道者,路也,即任督二脈也。不遲不速者,以呼吸定其法則。察諦經行者,凡行法輪,神炁必須同行同住,若泛然於道外而行,渺渺茫茫,不由道而循行此不得成舍利。
如來曰,不得勤,不得怠。
凡行法輪合乎自然,同乎大道。若勤,則太過而風大,法輪不能轉運,而焰無所製。若怠,則不及而風小,不能成長旺之功,而變化也。
然燈佛曰,常轉法輪。
法輪者,西方之梵語,此土日升降,日進退,即真種運歸源也。常者,凡真種產之時,必當運行一轉。如若不運,則漏盡不能止,而舍利亦不成。又不可一轉而不歇,雖無大害,亦遲其產機矣。
世尊曰,當轉如是妙法輪。
且妙者,不可以言語形容,故曰妙矣。若夫無言,後學又從何所悟入,此兩者在得師與不得師耳。大道最秘,誰敢全泄。餘見世無雙修之客,特指其是以示之,使學者盡其精微。夫妙者,消息也。知之者,最簡最易,不曉者,實艱實難。譬如自鳴鍾,即法輪也。天地之造化,盡歸於此。鄉人不得見鍾,但見水碓水磨,其理一也。

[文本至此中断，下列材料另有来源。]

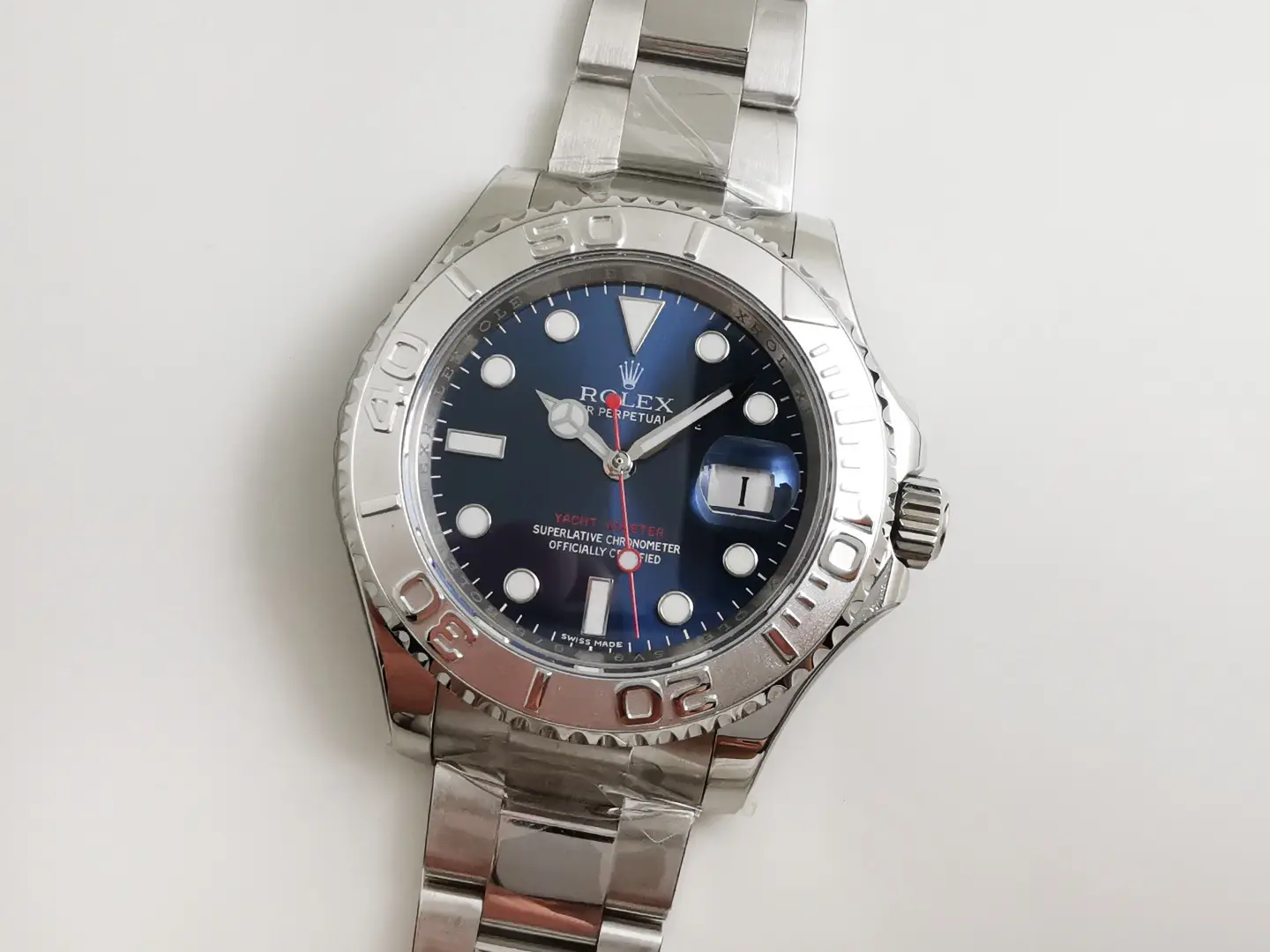 Rolex Yacht-Master 40mm Stainless Steel Oyster Bracelet Bright Blue Dial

問曰,鍾於碓磨何比道也?答曰,鍾之錘即喻呼吸,鍾內輪子即元炁,水衝者,喻呼吸也,轉之者,喻元炁也。但碓磨消息似同其法,又未甚全,而自鳴鍾以全大道之功何謂也?碓磨隻見其進,不見其退,鍾內輪子順轉則為進,順極則逆,而逆轉者,則為退也。
六祖曰,吾有一物,上柱天,下柱地。
物者,儒曰元炁也。柱天者,即上升於頂也。下柱地即下降於腹也。
《釋家譜》曰,海水灌太子頂。
海者,丹田也。水者,元炁也。釋教喻名曰曹溪水,曰洞水逆流,曰一口吸盡西江水。灌頂者,即上升也。太子即如來也。
世尊曰,火化以後,收取舍利。
此言舍利將成之時也。火即神也。舍利全得火以成功。然而成者,必有所成之效驗,非空虛而無知也。其舍利成之時,虛室生白,而丹田如湯煎,龜縮不舉,即用收取之法,運過脊後三關,還之中宮,以養道胎,故回收取也。
《華嚴經》曰,具丈夫形,成就如來馬陰藏相。
馬陰藏者,龜如線也。縮而不舉,方為舍利有成。如或微動,不可認成。必須法輪煉之。若不鍛煉,則炁嫩而力微,難以衝關,須待有衝關景,而後可移。既然有景,法輪當止,若再妄行,舍利已成,而被火逼漏,依然是個凡夫。或老者病者,外腎不舉,認為舍利有成,則誤也,乃無漏盡之資,必加功修,有所舉動,而後有可望矣。
世尊曰,能不死阿羅漢。
不死者,言其長壽也。如果外腎不舉,舍利成就,故此不死。如佛弟子迦葉住世七百年,後遇世尊傳過關之法,而成二祖。如寶掌和尚住世一千七百十二年,後遇達摩傳過關之法,而後超脫,此是得舍利,未明道胎,故住於世矣。